▸ **EXERCISE DESCRIPTION**: Every line from the one with "Upholstery Gray and" to the end of the entries, both included, is to be copied exactly; the other lines stay out.

▸ **MATERIAL FOR THIS EXERCISE**:

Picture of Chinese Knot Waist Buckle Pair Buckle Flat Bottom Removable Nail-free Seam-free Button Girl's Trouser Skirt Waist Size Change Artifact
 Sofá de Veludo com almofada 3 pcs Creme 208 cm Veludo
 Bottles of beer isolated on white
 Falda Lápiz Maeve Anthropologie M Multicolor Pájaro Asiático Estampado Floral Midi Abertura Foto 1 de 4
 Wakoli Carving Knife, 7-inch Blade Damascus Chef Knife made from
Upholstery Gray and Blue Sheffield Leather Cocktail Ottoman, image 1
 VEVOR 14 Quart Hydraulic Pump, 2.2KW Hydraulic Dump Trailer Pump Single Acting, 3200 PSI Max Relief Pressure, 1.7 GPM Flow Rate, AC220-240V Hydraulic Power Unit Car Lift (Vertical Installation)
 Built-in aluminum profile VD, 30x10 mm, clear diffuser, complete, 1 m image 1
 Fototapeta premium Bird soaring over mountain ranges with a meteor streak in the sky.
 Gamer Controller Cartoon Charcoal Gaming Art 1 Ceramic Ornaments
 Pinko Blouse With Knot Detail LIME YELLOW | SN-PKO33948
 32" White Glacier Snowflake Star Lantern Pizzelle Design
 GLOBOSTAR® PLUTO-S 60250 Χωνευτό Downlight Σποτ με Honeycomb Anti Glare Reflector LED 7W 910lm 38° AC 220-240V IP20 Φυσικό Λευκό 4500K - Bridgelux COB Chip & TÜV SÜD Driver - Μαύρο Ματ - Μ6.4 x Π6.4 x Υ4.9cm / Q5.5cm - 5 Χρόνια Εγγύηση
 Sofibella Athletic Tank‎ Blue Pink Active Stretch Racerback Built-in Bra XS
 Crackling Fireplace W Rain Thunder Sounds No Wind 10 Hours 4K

▸ **YOUR RESPONSE**:
Upholstery Gray and Blue Sheffield Leather Cocktail Ottoman, image 1
 VEVOR 14 Quart Hydraulic Pump, 2.2KW Hydraulic Dump Trailer Pump Single Acting, 3200 PSI Max Relief Pressure, 1.7 GPM Flow Rate, AC220-240V Hydraulic Power Unit Car Lift (Vertical Installation)
 Built-in aluminum profile VD, 30x10 mm, clear diffuser, complete, 1 m image 1
 Fototapeta premium Bird soaring over mountain ranges with a meteor streak in the sky.
 Gamer Controller Cartoon Charcoal Gaming Art 1 Ceramic Ornaments
 Pinko Blouse With Knot Detail LIME YELLOW | SN-PKO33948
 32" White Glacier Snowflake Star Lantern Pizzelle Design
 GLOBOSTAR® PLUTO-S 60250 Χωνευτό Downlight Σποτ με Honeycomb Anti Glare Reflector LED 7W 910lm 38° AC 220-240V IP20 Φυσικό Λευκό 4500K - Bridgelux COB Chip & TÜV SÜD Driver - Μαύρο Ματ - Μ6.4 x Π6.4 x Υ4.9cm / Q5.5cm - 5 Χρόνια Εγγύηση
 Sofibella Athletic Tank‎ Blue Pink Active Stretch Racerback Built-in Bra XS
 Crackling Fireplace W Rain Thunder Sounds No Wind 10 Hours 4K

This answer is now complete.